Obviously, if you are continually adding to your music collection, you will need to refresh the database periodically: fast or full, that's up to you. But if you've added 80 CDs to your collection, none of those will be selected by AMP for randomised playback until you've done a new database refresh. That doesn't mean AMP can't play them at all, of course: if you tell it a musicdir and not to use a database, it will still do its physical selection randomisation, and so all 80 CDs would be candidates to play in that. You can also go to the folders of any of those 80 CDs and invoke AMP locally, so that you are basically forcing it to play wherever you've moved yourself to in the file system. But yes, without a database refresh, playing from the database won't see them.
It obviously isn't terribly difficult to schedule (via cron) a run of 'amp --musicdir=<something> --refreshdb --scanmode=fast' nightly or maybe once a week. And if your music collection is fairly stable and static (i.e., you're not busily acquiring new material for it, then even monthly or quarterly refreshes will probably suffice.
I should note, too, that if you are using AMP to play music having specified --usedb then a record of your plays will be created within that database in a table called plays. It's pretty much identical to what gets scrobbled to Last.fm (if you enable that), or written to $HOME/.local/share/amp/scrobble.txt (ditto). Think of it as a sort of 'internal scrobble': it means you can later query the 'plays' table using standard sqlite3 client tools without ever having to transmit the information to anyone else. For this reason, AMP always writes to the plays table (if a database is being used), even if --noscrobble was specified.
And one final point: the excludes.txt file still works, even in 'use database' mode: the individual lines of the excludes file (one composer per line) get turned into a SQL statement of the sort '...and artist not in ('Wolfgang Amadeus Mozart', 'George Frideric Handel', 'Johann Sebastian Bach')' and so on. The random picks from the database will therefore definitely not pick composers you've asked to be excluded (provided only that you spell their names in the exclude exactly as you've spelled it when tagging the relevant music files, of course)!

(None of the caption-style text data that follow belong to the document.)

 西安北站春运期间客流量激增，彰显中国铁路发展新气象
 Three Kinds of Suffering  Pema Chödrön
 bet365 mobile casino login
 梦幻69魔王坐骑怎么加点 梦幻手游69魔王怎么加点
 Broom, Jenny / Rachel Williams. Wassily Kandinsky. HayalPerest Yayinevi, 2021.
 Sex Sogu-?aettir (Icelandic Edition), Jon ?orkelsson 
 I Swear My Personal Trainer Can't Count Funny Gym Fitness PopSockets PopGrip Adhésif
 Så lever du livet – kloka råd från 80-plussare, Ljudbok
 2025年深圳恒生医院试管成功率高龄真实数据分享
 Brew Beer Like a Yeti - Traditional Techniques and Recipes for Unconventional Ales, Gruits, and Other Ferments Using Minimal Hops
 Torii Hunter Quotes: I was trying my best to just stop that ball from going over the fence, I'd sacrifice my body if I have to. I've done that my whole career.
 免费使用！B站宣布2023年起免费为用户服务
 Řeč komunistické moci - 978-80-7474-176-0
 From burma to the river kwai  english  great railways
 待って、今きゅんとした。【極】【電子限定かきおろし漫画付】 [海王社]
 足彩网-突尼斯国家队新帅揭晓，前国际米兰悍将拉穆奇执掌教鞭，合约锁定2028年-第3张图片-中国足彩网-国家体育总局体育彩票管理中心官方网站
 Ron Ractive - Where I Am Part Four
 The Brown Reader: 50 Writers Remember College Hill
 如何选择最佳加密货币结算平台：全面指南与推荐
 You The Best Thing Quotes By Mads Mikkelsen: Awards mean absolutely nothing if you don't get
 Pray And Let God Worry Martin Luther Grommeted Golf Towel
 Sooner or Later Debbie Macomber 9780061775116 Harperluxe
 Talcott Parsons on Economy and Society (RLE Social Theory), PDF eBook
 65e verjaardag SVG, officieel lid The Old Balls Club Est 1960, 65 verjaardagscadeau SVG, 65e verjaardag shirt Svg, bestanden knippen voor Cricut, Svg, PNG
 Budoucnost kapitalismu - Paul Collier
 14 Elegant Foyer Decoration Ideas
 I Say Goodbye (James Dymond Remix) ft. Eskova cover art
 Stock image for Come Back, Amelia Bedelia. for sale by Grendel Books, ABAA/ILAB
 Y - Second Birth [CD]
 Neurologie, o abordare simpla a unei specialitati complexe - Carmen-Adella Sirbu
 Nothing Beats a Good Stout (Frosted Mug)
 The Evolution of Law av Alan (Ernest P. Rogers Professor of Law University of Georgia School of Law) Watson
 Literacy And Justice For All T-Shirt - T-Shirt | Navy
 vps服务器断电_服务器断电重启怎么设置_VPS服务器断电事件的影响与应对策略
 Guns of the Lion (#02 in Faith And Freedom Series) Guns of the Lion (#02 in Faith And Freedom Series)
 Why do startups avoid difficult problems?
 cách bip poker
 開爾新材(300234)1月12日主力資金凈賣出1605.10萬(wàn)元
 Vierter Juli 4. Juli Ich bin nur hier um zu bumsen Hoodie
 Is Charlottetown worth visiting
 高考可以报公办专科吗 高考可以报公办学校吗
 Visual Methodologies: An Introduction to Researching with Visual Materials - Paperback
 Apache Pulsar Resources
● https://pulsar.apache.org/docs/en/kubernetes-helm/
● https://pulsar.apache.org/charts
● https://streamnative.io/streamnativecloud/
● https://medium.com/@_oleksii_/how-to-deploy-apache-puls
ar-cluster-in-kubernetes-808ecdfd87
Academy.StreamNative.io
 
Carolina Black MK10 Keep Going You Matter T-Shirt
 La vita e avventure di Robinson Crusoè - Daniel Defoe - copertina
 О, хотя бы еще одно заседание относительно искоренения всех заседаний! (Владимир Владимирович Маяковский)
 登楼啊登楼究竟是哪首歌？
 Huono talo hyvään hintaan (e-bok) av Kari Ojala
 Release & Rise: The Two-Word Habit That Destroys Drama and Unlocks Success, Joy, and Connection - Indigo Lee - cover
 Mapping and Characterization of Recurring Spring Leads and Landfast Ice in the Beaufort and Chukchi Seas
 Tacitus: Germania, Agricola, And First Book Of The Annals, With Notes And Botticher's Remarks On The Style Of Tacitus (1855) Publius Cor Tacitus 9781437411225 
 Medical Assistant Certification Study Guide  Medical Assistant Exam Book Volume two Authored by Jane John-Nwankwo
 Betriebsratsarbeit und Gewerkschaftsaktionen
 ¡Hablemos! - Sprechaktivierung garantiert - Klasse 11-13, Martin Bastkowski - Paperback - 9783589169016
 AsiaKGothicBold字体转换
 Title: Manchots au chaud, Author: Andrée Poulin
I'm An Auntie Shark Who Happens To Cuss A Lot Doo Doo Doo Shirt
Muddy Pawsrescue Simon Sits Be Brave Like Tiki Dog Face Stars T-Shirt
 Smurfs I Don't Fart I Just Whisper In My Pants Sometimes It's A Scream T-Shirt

I will be amending the AMP documentation shortly to explain this new database-reliant option. In the meantime, if you want to upgrade and try it out with the new options I've just described above, you can download Version 1.02 of AMP from here. To upgrade, once the download is complete, and assuming you downloaded AMP to your own Downloads folder, just issue the following command:
sudo mv $HOME/Downloads/amp.sh /usr/bin/amp.sh
I don't envisage making any further major alterations to the way AMP works for the foreseeable future, so this might be the last update for a while, and I therefore recommend you perform the upgrade as soon as you can. Any problems with the upgrade, you know how to let me know about them!